Seat Cover Signage – Data Insights


The lack of fans in stands across stadiums and arenas across North America presented teams and brands with a challenge of how to most effectively reach as many fans as possible without the luxury of having fans in venue. With this challenge came the opportunity to come up with new inventory and push social and digital harder than ever. Arguably the most notable and universal addition to venues across the big four leagues was seat cover branding.

The NFL received the bulk of the media coverage around this new asset since it represented an opportunity for brands to have significant presence around the field, a rarity in the NFL.  While the NFL’s introduction of seat cover branding may have been talked about more than the other leagues’ implementation of the new asset, SBJ Atlas took an objective look at the data to identify how each league stacked up.

Starting with the simplest metric – the number of teams taking advantage of seat-cover signage – we found that a majority of teams across each of the big four leagues took advantage of this new inventory:   

  • In the NFL, all 32 teams jumped at the opportunity to feature their corporate partners prominently.   
  • The MLB similarly had widespread usage tarp signage with 29 of 30 teams featuring it – the Colorado Rockies were the lone exception.  The more unique and varied designs of MLB parks led to varying degrees of effectiveness, and it remains to be seen how prominently it will be featured in the new season given varying regulations on capacity limits across the country. 
  • So far this season, the NHL is at 27 of 31 teams while the NBA is at just 22 of 30 teams featuring partners on seat covers.  While in some cases this is impacted by the presence of fans or the inclusion of large video boards — as seen in the NBA’s Orlando Bubble — in other cases, there are seat covers that teams have elected to brand with team logos rather than feature corporate partners. 
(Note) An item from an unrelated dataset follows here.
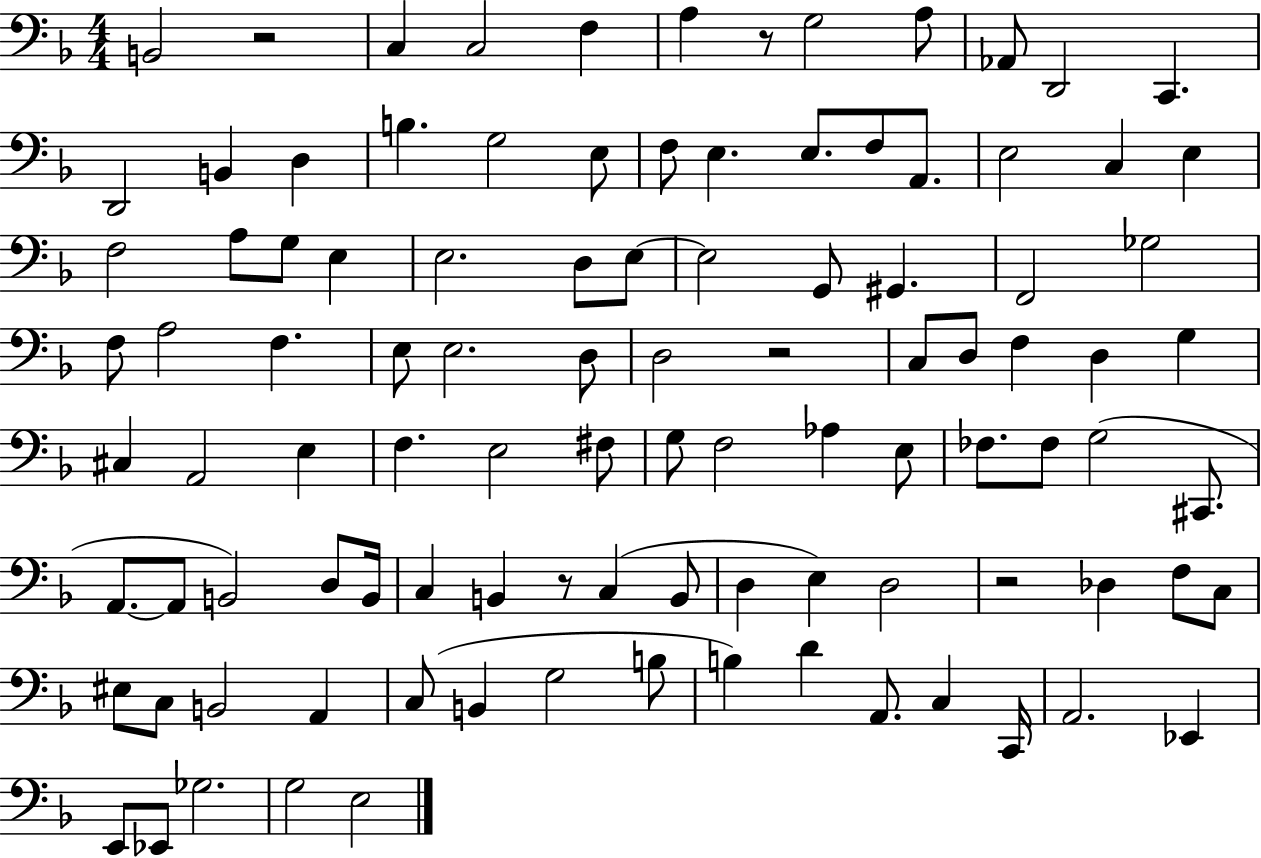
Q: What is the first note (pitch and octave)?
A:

Digging into the data behind the partnerships and observing which brands struck these types of deals highlights a few interesting takeaways.
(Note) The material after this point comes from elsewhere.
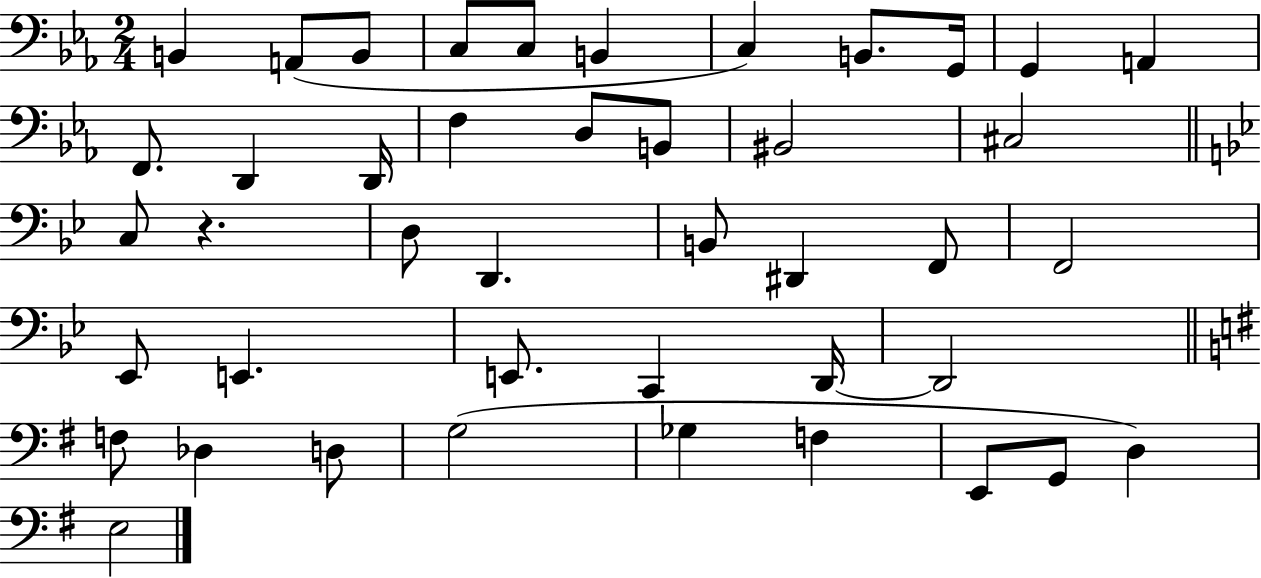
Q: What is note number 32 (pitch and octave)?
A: D2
  • For instance, the NFL, with 43.1% of all seat cover opportunities sold to new partners, clearly utilized the asset most heavily with brands lining up for the first true opportunity for significant inventory within close proximity to the field. The popularity of the inventory combined with fewer opportunities for make-good advertising and the size of NFL stadiums led to teams averaging 14 seat-cover partners.  
  • With limited fans in attendance and less real estate across their respective arenas, NBA and NHL teams have averaged the fewest seat-cover partners per team. 
  • Financial services have dominated the inventory. But despite being a leading category in three of the four leagues, no individual brand had more than five deals, which helps demonstrate the regional nature of many of these contracts. 
  • Gatorade, in part because of league-level relationships, led all brands with 29 seat-cover partnerships across the four leagues. Other top brands included Ford, Toyota, Verizon, and Blue Cross Blue Shield.